If a job is submitted to multiple machines using a single submission (with a single RSL file), the process is more complicated. The code needs to be compiled using MPICH-G2. The GRAM gatekeeper interacts with all the machines requested by the user, and the respective job schedulers put the sub-jobs in the respective queues. Here, the RMs might not be able to allocate processors to all the sub-jobs simultaneously. When the first set of resources is allocated, the sub-job in that machine initializes the MPI environment, and waits for responses from other machines. While the sub-job is waiting for other sub-jobs to start, it is officially in a run state from the point of view of the local RM, and if it waits for too long it will be killed. Hence, it is important that the sub-jobs in all the different machines are started simultaneously. Figure 1a,b shows the control flow for job submission to a grid for a single machine and for multiple machines, respectively.

Figure 1

(a) Control flow for job submission to a single machine; the dotted rectangle represents a single machine. MPI/MPICH-G2 creates an MPI Communicator World to keep track of the communication between different processors in the machine. (b) Control flow for job submission to multiple machines; each dotted rectangle represents a single machine. By communicating with the RM and GRAM, the MPICH-G2 environment ensures that the sub-jobs on all the distributed machines are allocated the required number of processors.

4. Results and discussion

We used two physical systems as models for our experiments: alanine and bacteriorhodopsin (BrH). Alanine is a 66-atom polypeptide and BrH is a crystal structure containing 3762 atoms.

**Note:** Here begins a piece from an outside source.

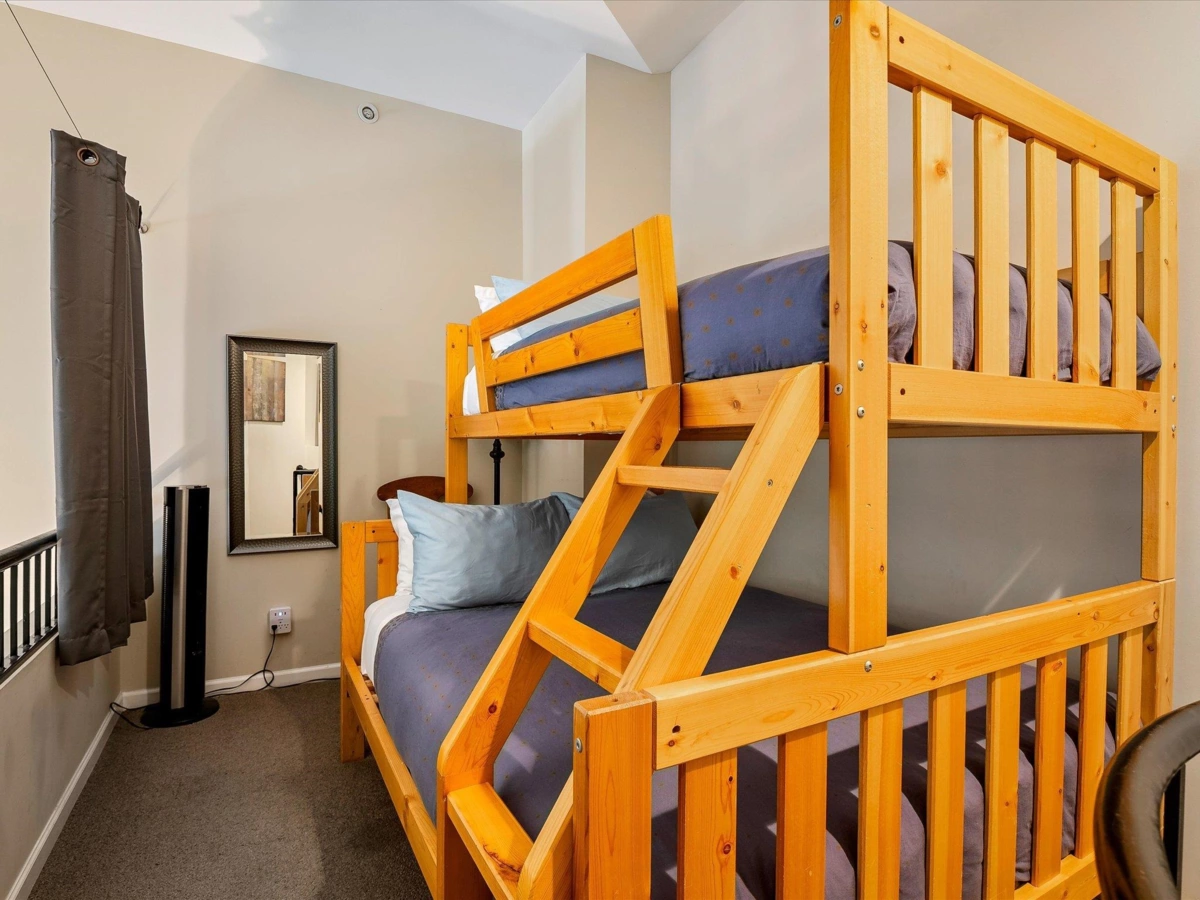 Loft / Bonus Room Photo of 323 4338 Main Street, Whistler, BC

(a) Performance results and resource usage

(i) Distributed MD performance results on LONI

Initially, our aim was to test only the feasibility of running a single parallel job across multiple machines, and to quantify the performance of the job. We executed the parallel Mindy code on three IBM AIX P5 clusters, Bluedawg (BL), Ducky (DU) and Zeke (ZE), on LONI. Here, we provide the data and a quantitative analysis for it, and we estimate the performance degradation associated with distributed job submission. On LONI the wait-times for our jobs were trivial—of the order of a few minutes (although there were cases when jobs were killed while waiting in queue for a long time, due to the system being overloaded). Hence, we concentrated on run-time, Tr, i.e. CPU seconds used, only. The total amount of CPU time consumed for a simulation was calculated using the formula: CPU seconds=time taken×number of processors, where time taken is measured in seconds. Table 1a,b highlights the application's performance on individual LONI machines; Table 1a shows the performance on BL and DU separately when the code runs on eight processors (on a single node) using the BrH model. Table 1b shows the same for the alanine model, with machines BL, DU and ZE. The table shows that the processing time is proportional to the number of time steps over which the simulation is run. Thus, at the largest time step values, it is valid to assume that initial/transient/set-up effects are no longer relevant. The table also shows that the performance of BL and DU are essentially the same, to within a few per cent.

View this table:
Table 1

Performance on single machines using eight processors in each case.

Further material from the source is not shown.